Okay so I have one of my latest projects here. This is an abstraction, it’s a wood carving. This image was generated through my research and through the models that I make. 

So what I’m gonna do today is go ahead and work on this a little bit, and as I do that, I’m going to describe to you sort of my process and where I come from  philosophically to arrive at this sort of thing. Okay, so while you watch me work on this carving, I want to talk a little bit about the context within which this work was developed and created. I developed this approach while pursuing my graduate degree at the University of Maine in Orono in intermedia, and one of the things I’d like to say about that program is that it helped me to understand that really the driving force in the creative practice is sort of the inspiration, so that I don’t need to, or we don’t need to concern ourselves really with a goal or where we’re headed for, but what we’re ultimately trying to do really is find our inspiration, and then follow where that leads and let it develop naturally from there. And in the case of the work you see me working on here, my inspiration really has been towards understanding the origins and implications of human consciousness, the sort of unique consciousness that we as human beings have developed evolutionarily. 

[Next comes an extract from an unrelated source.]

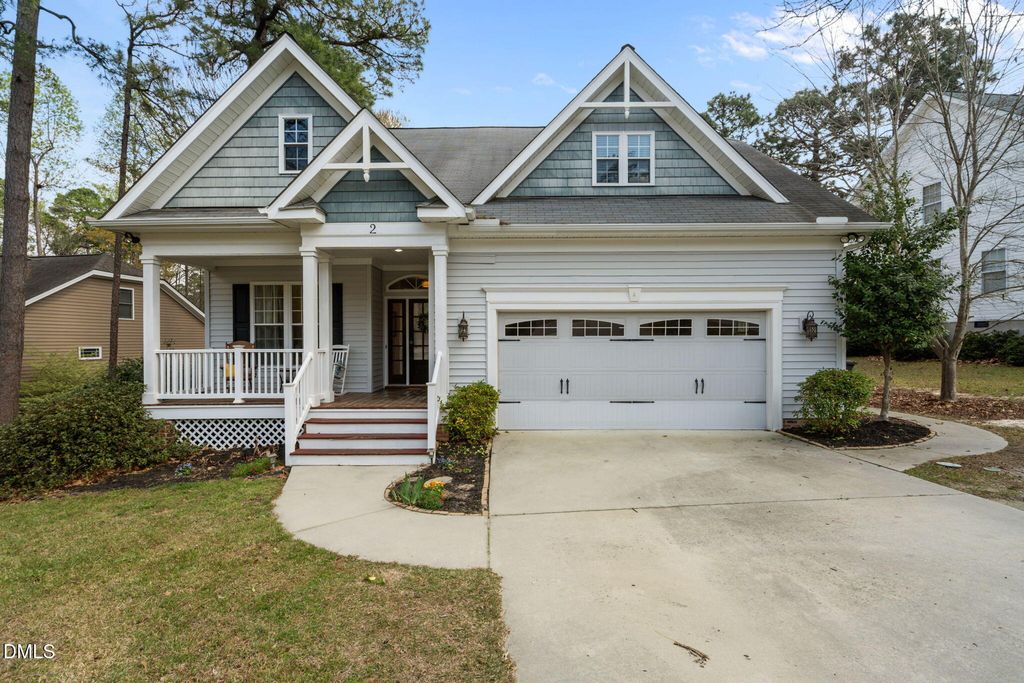 2 Tyler Way, Pinehurst, NC 28374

So in order to do that in my research I’ve looked into cognitive evolution, and as a result that’s led me to start to design and build visual models that represent a lot of these ideas about how our cognition developed and how it evolved, and again what its implications are for us today as contemporary humans.  And so as I modeled these systems, it helps me to sort of investigate and understand how consciousness has developed: Where it came from, what it’s doing now to us and with us and for us or against us. What the implications of that are. And as you can see the imagery I’m working with, or the results of these models are abstractions, and this actually does say alot about my findings and my mode of research, and what I am doing. It especially starts to tie into my Zen practice and Zen philosophy. 

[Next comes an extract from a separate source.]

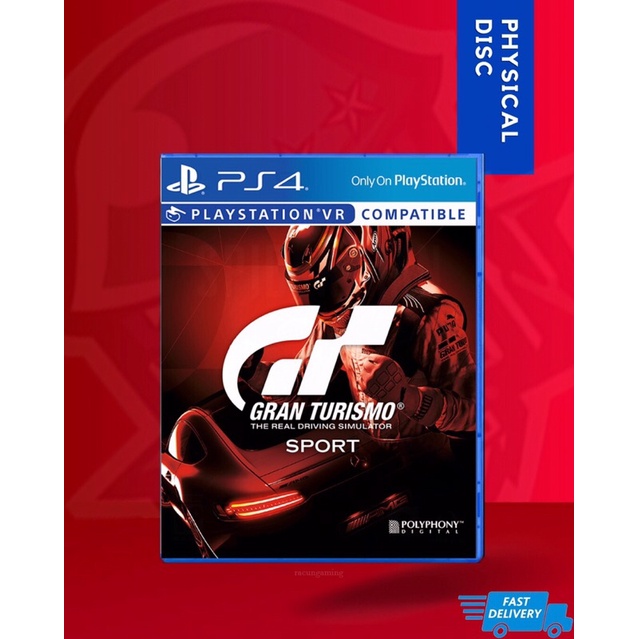 Gran turismo deals sport ps4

You know, the abstractions sort of are an indication of the abstract reality that we find ourselves in that we’re are generating constantly through our own consciousness, and by presenting these abstractions in the form of art to be viewed by an audience, it allows it’s allowing to reflect on the nature of these sort of things. So certainly the viewer brings whatever they bring to the work, but there’s the opportunity for them to sort of experience them directly in the moment and sort of contemplate the abstract nature of them, meaning to understand them as they exist, as they are without trying to add a narrative, or decipher the code so to speak, or to sort of figure out where it all came from or what it means. The very fact that that information isn’t available to the viewer is the point. It’s the point that the work is creating an opportunity for the viewer to experience their own awareness directly unencumbered by concepts and ideas. 

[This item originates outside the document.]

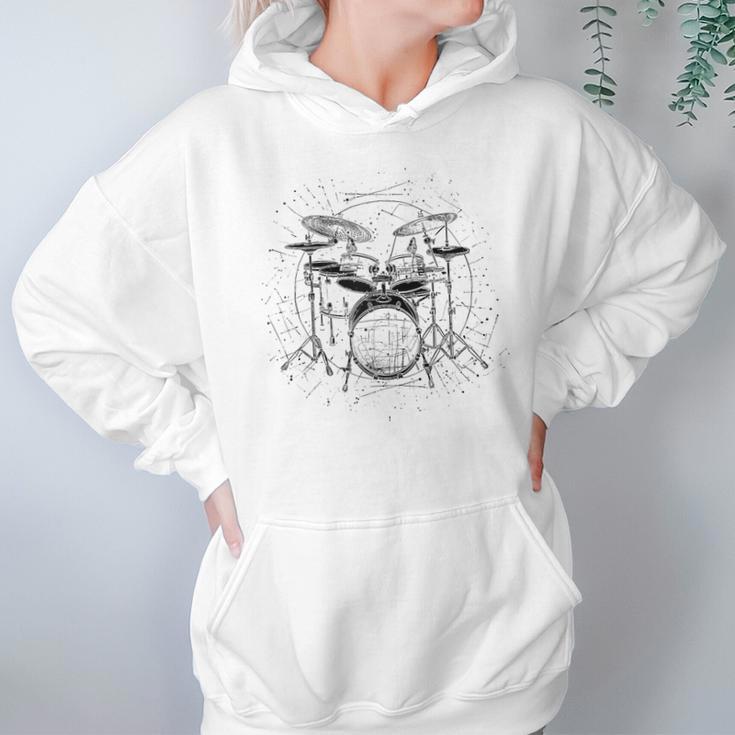 Drum Kit Raglan Baseball Tee Unisex Hoodie Drum Kit Raglan Baseball Tee Unisex Hoodie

So as I research the work, and I develop the models, and I work through the ideas and the concepts, and I practice Zen in conjunction with this, then I’ve started to realize that that whole idea, the whole process  of thinking and contemplating and stuff that it’s important, and it’s part of who we are as humans, and as I said before it’s our evolutionary inheritance. It’s simply how we’ve evolved, and how we’ve developed, and how we function. However, it ultimately doesn’t lead to a sort of great insight, and you know insight is really what I’m interested in. It is really why I pursue my art.